Leaf switch is also called Top of rack (ToR), all servers in rack are connected with switch in top of rack.
Below picture of Top of Rack switch (ToR) location in Rack.

Oversubscription rate:
It’s the ratio b/w Bandwidth of server side connected to leaf switch (southbound traffic) and uplink bandwidth from leaf to spine (Northbound traffic),for example server side link Bandwidth is 400GB with leaf switch & uplink from leaf switch to spine is 400GB then oversubscription is 400G/400G = 1:1
If server side is 400GB link & leaf uplink with spine is 200Gb then
400GB/200G = 2:1
Customer Project Requirment :
Let’s move to one example below that how to design & calculate the servers, switches & NIC quantities.

Customer Project:
- There is one cloud company i.e., ReadTech—requiring ~50 virtual machine (VMs) per server to run different applications, 24 servers per rack, and 1 ToR (leaf) switch per rack. The initial plan is 30 racks/cabinets. They want oversubscription rate strict 1:1 (Downlink B.W = Uplink B.W) and redundancy on server dual connected 25G ports on each server, also low Cost.
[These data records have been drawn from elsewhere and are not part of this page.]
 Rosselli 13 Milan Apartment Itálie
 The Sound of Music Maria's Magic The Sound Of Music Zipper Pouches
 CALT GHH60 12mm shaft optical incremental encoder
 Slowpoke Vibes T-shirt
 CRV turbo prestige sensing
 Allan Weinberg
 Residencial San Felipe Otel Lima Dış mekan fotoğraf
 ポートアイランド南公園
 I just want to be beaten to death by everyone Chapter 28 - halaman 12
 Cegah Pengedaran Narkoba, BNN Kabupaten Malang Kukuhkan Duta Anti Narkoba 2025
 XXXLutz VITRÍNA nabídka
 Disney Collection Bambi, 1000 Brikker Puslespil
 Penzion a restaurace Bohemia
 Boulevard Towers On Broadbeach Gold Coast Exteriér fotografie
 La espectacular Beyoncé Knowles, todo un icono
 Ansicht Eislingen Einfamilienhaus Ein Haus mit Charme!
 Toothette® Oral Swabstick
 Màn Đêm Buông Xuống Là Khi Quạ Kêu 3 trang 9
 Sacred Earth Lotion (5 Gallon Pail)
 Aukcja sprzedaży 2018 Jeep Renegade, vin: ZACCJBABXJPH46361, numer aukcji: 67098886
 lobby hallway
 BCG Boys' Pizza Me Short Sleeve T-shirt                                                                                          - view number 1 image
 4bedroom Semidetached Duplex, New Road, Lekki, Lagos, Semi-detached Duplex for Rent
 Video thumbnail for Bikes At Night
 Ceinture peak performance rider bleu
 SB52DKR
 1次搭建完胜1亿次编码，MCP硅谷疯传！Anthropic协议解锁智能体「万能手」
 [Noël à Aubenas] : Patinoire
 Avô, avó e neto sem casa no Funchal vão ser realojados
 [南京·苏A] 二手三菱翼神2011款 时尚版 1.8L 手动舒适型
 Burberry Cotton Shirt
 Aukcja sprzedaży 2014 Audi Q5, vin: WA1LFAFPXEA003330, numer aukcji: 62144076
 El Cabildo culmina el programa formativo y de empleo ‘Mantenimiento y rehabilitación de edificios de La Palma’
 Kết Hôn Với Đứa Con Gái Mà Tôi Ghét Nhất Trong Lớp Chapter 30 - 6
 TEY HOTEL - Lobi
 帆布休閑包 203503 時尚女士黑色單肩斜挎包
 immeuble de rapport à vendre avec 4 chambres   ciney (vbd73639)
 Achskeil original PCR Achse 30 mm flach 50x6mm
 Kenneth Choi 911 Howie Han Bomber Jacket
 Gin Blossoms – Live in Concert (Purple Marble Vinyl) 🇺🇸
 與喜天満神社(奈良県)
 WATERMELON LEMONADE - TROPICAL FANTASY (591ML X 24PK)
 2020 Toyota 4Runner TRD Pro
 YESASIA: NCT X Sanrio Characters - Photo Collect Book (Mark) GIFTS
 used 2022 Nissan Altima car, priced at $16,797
For above requirement below are the questions from customer side:
Let’s design & calculate the customer requirements in below different section
Analysis:
As per the above customer requirments below are the summary analysis.
ToR Switch:each Rack has one ToR, As to reduce cost for each TOR/leaf redundacny we’ll pair adjacent racks (Rack-1 with Rack-2, Rack-3 with Rack-4 & so on) so each servers can dual-home across two ToRs like Rack-1 server will connect with Rack-1 ToR & Rack-2 ToR.
Server & Leaf Downlink Math:
Per rack:
- Servers: 24
- Per server: 2 × 25 G = 50 G (active/active LACP)
- Total leaf downlink: 24 × 50 G = 1,200 G (1.2 Tb/s)
Port Quantity:
- 24 servers × 2×25G = 48×25G ports on the ToR → exactly matches a 48×25G leaf.
What 1:1 Oversubscription rate:
To meet 1:1, each leaf must have uplink capacity = 1,200 G toward the spines.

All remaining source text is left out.